Bill Nighy borda el personaje de un enfermo que apura sus últimos días
En una de las escenas cruciales de «Living», Míster Williams (Bill Nighy) confiesa a una mujer que le han diagnosticado una enfermedad terminal y no le queda mucho tiempo.
Habla entonces de los niños que juegan en el parque, quienes se resisten a abandonarlo cuando sus madres los llaman, y «así es como debe ser». Por el contrario hay algún crío que no participa, que sólo espera, quieto y callado, a que le avisen para volver a casa.
Williams dice que tiene miedo de acabar como ese niño. Cuando Su Creador le llame, se resistirá un poco. Eso es lo que significa vivir: es el motor de la película, la idea de aprovechar el tiempo hasta sus últimas gotas. De emplearlo para algo beneficioso: en este caso, en beneficio de los demás, de la comunidad (porque Míster Williams trabaja en las oficinas del ayuntamiento).
Lionsgate
«Living» es una nueva versión de «Vivir», un clásico de Akira Kurosawa de los años 50, pero cambiando el Tokio de aquellos años por el Londres del mismo período. De la escritura del guión se ha encargado nada menos que un Premio Nobel de Literatura, Kazuo Ishiguro, con experiencia en el cine (recordemos las adaptaciones de sus novelas «Nunca me abandones» y «Lo que queda del día»).
Su sello se percibe ya al principio, cuando vemos esas oficinas kafkianas regidas por la rutina de unos funcionarios grises, todos vestidos igual y la mayoría sometidos al comportamiento estricto que dictan las reglas y los ademanes de los caballeros de antaño: como ese mayordomo al que interpretaba Anthony Hopkins en la última de las películas citadas.

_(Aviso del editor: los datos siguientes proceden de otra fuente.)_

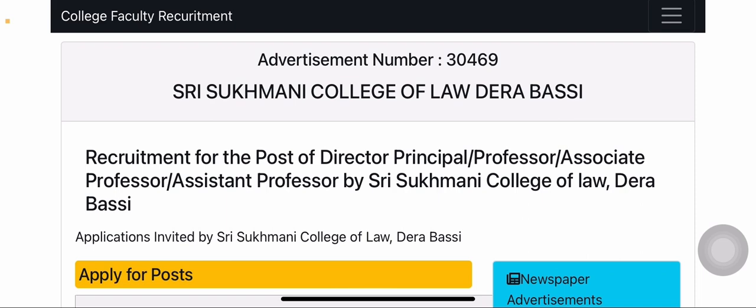Now, the most important question: when was this advertisement released? It was uploaded on the university portal today, i.e., on the 21st. The last date mentioned is 25th December — only four days. I have a doubt here because such a short time is never given; usually you get minimum 15 to 30 days. It seems like there may be a misprint. If any updated information is uploaded, I will inform you in the next video. But for the time being, without taking any risk, fill your form by 25th December.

La película comienza con la llegada de Peter (Alex Sharp) al Ayuntamiento. Es un joven en su primer día de trabajo. Los demás le advierten de la presencia rígida del tal Williams, un viudo serio, sombrío, con cara de pocos amigos y rictus amargo: una especie de muerto viviente. A Peter le encomiendan su primera tarea: encargarse de tres madres que han presentado una solicitud para que construyan un parque en su barrio porque sus niños no tienen dónde jugar. Metidas en el laberinto burocrático, la solicitud va de un lado para otro sin que el proyecto salga adelante. El significado de estas escenas tendrá una importancia notable en la última parte del filme.
El camino de las cosas pequeñas
Cuando Míster Williams acude a la consulta del médico a recibir los resultados de unos análisis, el diagnóstico es fatídico: padece un cáncer y es cuestión de meses. Entonces su vida da un giro. Quiere cambiar. Necesita cambiar de actitud, de forma de ser. Nunca es demasiado tarde. Quiere apurar los últimos sorbos de oxígeno.
Durante los primeros días deja de acudir temporalmente al trabajo y pasa algunas horas con dos jóvenes: un dramaturgo al que conoce en una cafetería y una de las chicas de su oficina, que ha encontrado otro empleo. Sonríe, conversa, toma algunas bebidas, se confiesa, se interesa por sus interlocutores: detalles mínimos, cotidianos, casi anodinos, pero que simbolizan la esencia de vivir, algo que él había olvidado. Quiere apostar por «el camino de las cosas pequeñas».
Lionsgate
Cuando llevamos en torno a una hora de metraje, la historia da un giro imprevisible. Y durante los últimos treinta minutos veremos cómo el guionista, Kazuo Ishiguro, y el director, Oliver Hermanus, se las arreglan para arrojar luz sobre la nueva conducta de Williams: es un hombre que va a dejar huella, aunque sea minúscula, que sorprenderá a todos interesándose por sus vidas, saludando a los compañeros de oficio como nunca lo había hecho, esforzándose para que cada momento sea único, inagotable.
Ese desprenderse de la vida sin grandes alardes, con dignidad y sorbiendo el tuétano sin perder un minuto, está retratado de manera espléndida por Bill Nighy, quien fue nominado al Oscar por este papel: su actitud gris inicial va adquiriendo diversos matices a medida que su personaje avanza: la tristeza, lo inevitable, la felicidad pasajera… y finalmente el esfuerzo de quien sabe que las cosas pueden mejorarse aunque a uno le quede poco tiempo. Él es quien engrandece la historia.
A los lectores de Aleteia les gustará saber que Nighy estudió en una escuela católica romana en la que su profesor de teatro, el Padre Richards, fue el hombre que le animó a actuar.